Linux-Fu: Parallel Universe

June 29, 2020

At some point, you simply run out of processing power. Admittedly, that point keeps getting further and further away, but you can still get there. If you run out of CPU time, the answer might be to add more CPUs. However, sometimes there are other bottlenecks like memory or disk space. However, it is also likely that you have access to multiple computers. Who doesn’t have a few Raspberry Pis sitting around their network? Or maybe a server in the basement? Or even some remote servers “in the cloud.” GNU Parallel is a tool that lets you spread work across multiple tasks either locally to remote machines. In some ways, it is simple, since it looks sort of like xargs but with parallel execution. On the other hand, it has myriad options and configurations that can make it a little daunting to use.

About xargs

In case you don’t use xargs, it is a very simple program that among other things lets you do something with a list of files. For example, suppose we want to search all C source files for the string “hackaday” using grep. You could write:

find . -name ‘*.[ch]’ | xargs grep -i hackaday

Here, xargs grabs an input line, calls grep and after grep completes, it repeats the process until it runs out of input lines. (Note: handling files with spaces is a bit tricky. Using -d ‘\n’ might help, although not all versions of xarg support it.)

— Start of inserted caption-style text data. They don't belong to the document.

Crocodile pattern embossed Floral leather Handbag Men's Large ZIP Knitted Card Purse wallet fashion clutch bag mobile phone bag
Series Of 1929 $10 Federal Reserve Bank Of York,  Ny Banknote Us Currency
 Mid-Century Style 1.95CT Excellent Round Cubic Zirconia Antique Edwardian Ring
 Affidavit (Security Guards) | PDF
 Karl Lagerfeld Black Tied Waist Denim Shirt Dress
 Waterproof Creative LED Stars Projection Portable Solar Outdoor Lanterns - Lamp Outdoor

In the simplest case, Parallel does the same thing, but it can execute grep — or whatever you are using — multiple times at once. On a local machine, this allows you to use multiple CPUs to improve timing. However, you can also spread the work among different machines that have passwordless ssh logins.

Demos

The author of GNU Parallel has a multipart video demonstration of the system. You can see the first part, below. The tutorial is also very good, and clears up a number of details that might not be obvious from the man page.

Just for my own amusement, I took a directory with some large mp4 files in it and used both xargs and parallel to gzip each file. I know, I know. The files are already compressed, so gzip isn’t going to do much. But I just wanted some large task to time. Here are the results:

[:~/Videos/movies] $ time find *.mp4 | xargs -d '\n' gzip

real    6m10.796s
user    2m52.828s
sys     0m9.718s
[:~/Videos/movies] $ time find *.mp4 | parallel --jobs 8  -d '\n' gzip

real    5m25.050s
user    2m56.676s
sys     0m7.732s

Admittedly, this wasn’t very scientific, and saving about 45 seconds isn’t a tremendous gain, but still. I picked eight jobs because I have an eight-core processor. You might vary that setting depending on what else you’re doing at the time.

Remote

If you want to use remote computers to process data, you need to have passwordless ssh remote access to the other computer (or computers). Of course, chances are the remote computer won’t have the same files and resources, so it makes sense that — by default — your commands only run on the remote server. You can provide a comma-separated list of servers, and if you use the server name of “:” (just a colon), you’ll include your local machine in handling jobs.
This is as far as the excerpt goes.